* [DATA TO EXAMINE]
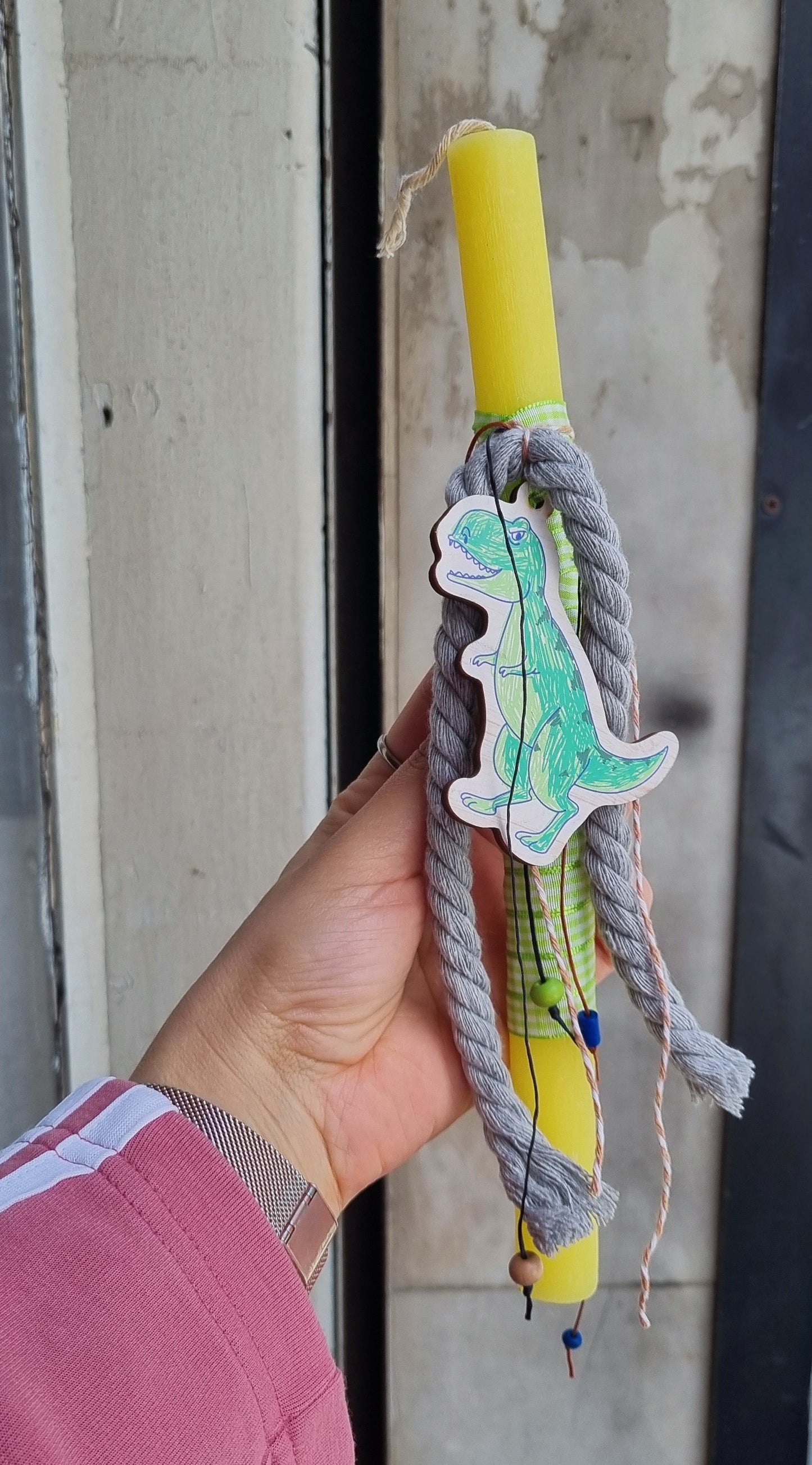 Δεινόσαυρος - Λαμπάδα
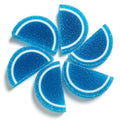 Blue Raspberry Jelly Fruit Slices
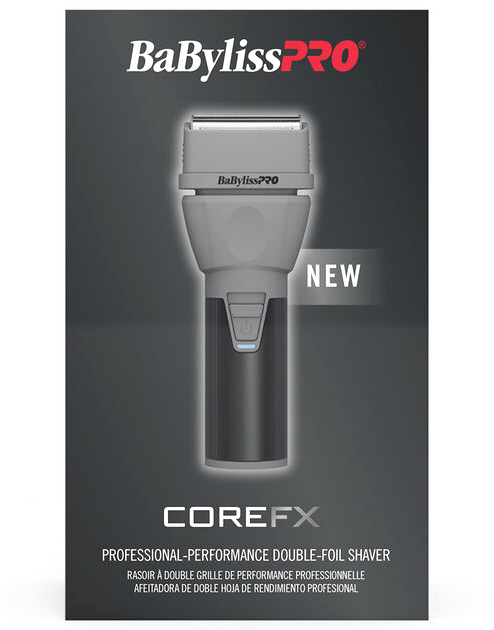 Babyliss COREFX Double Foil Shaver #FX75FS2 -pc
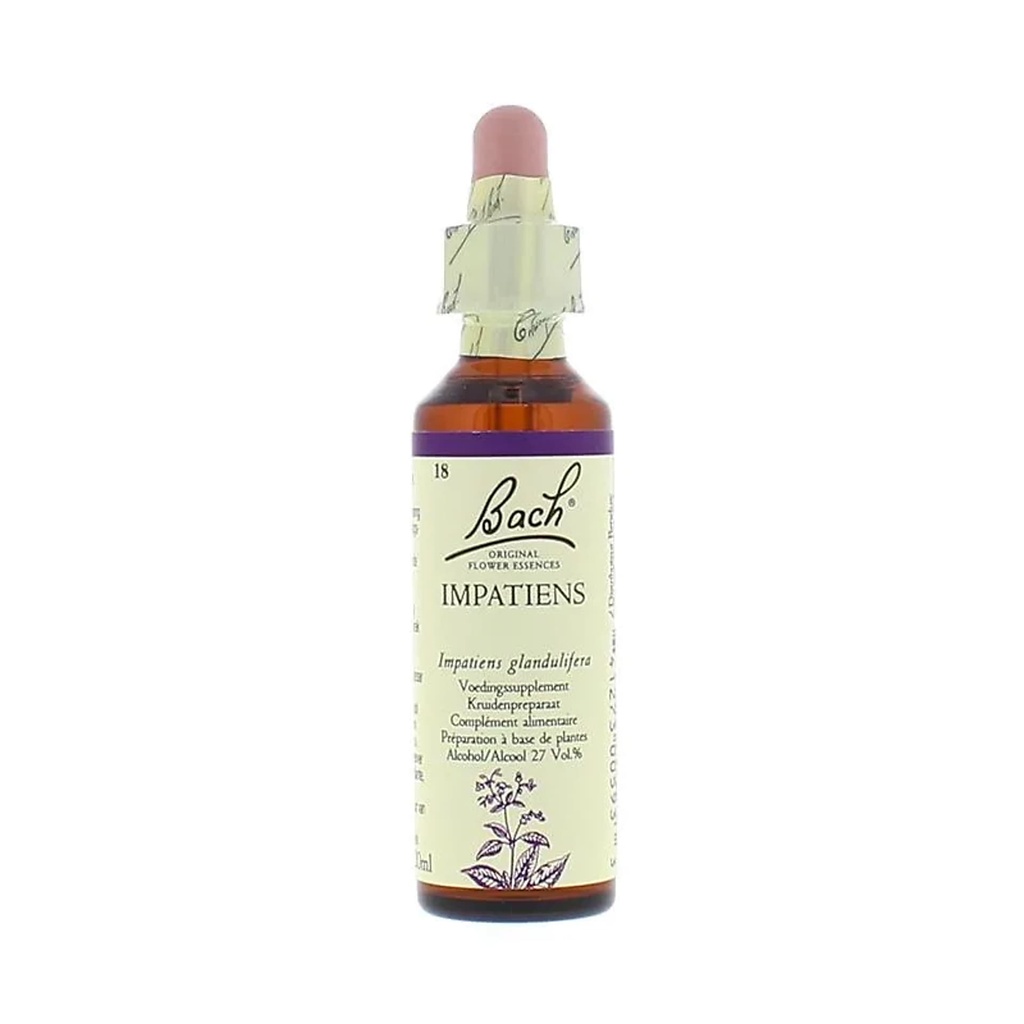 Fleurs de Bach Impatiens | 20 ml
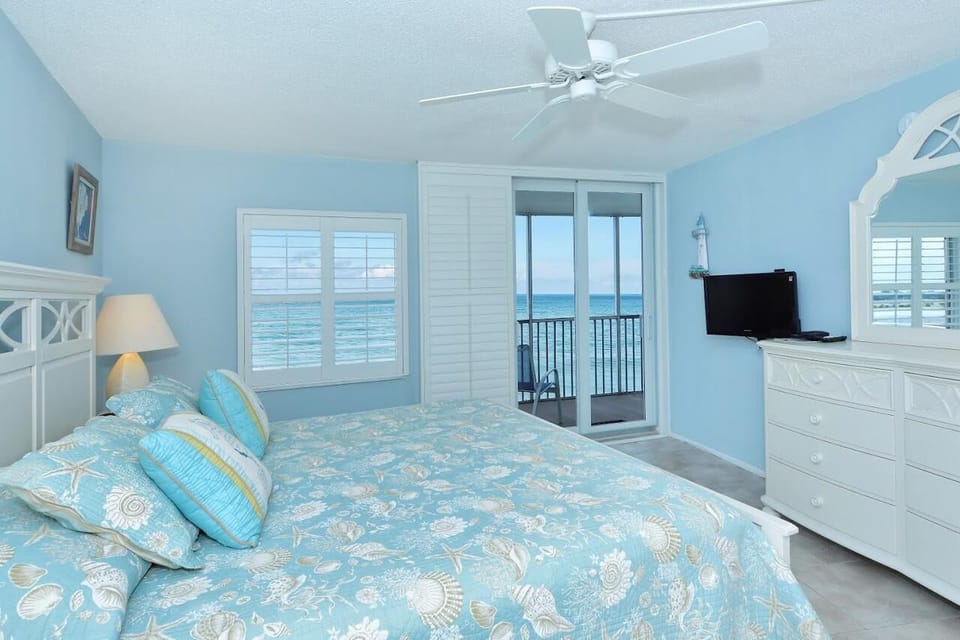 TV not included in the master bedroom 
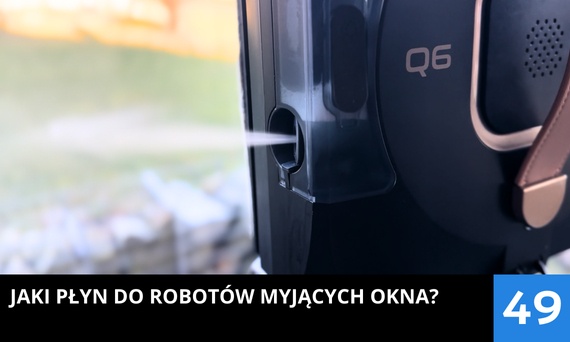 Jaki płyn do robotów myjących okna?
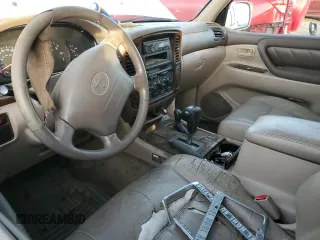 2000 Toyota Land Cruiser z VIN JT3HT05J0Y0122711, wystawiony jako Copart lot #86929954 z przebiegiem Nie podano mil oraz Czysty tytuł • Clean title. Historia ofert i sprzedaży dostępna na DreamBid. Obrazek 8.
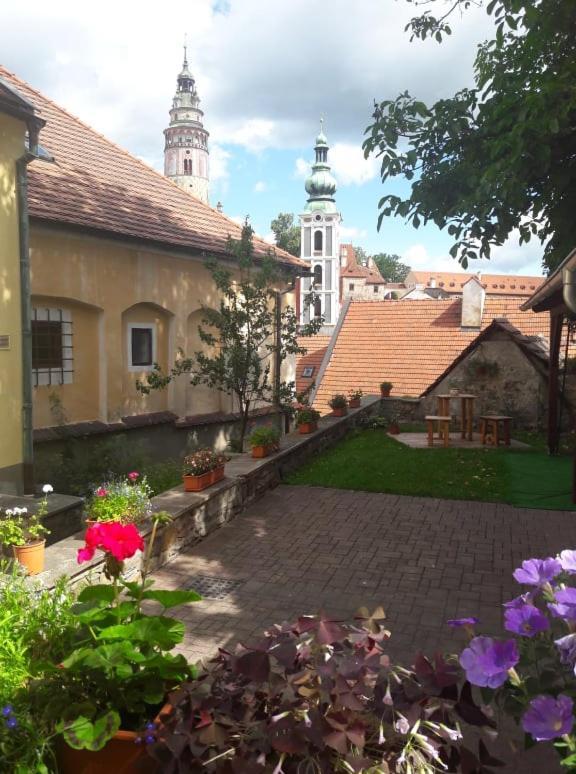 Hotel Peregrin Чешки Крумлов Екстериор снимка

* [PROBLEM] Although the records contain pictures, your copy should hold only the text, reproduced exactly.

* [EXERCISE ANSWER]
 Δεινόσαυρος - Λαμπάδα
 Blue Raspberry Jelly Fruit Slices
 Babyliss COREFX Double Foil Shaver #FX75FS2 -pc
 Fleurs de Bach Impatiens | 20 ml
 TV not included in the master bedroom 
 Jaki płyn do robotów myjących okna?
 2000 Toyota Land Cruiser z VIN JT3HT05J0Y0122711, wystawiony jako Copart lot #86929954 z przebiegiem Nie podano mil oraz Czysty tytuł • Clean title. Historia ofert i sprzedaży dostępna na DreamBid. Obrazek 8.
 Hotel Peregrin Чешки Крумлов Екстериор снимка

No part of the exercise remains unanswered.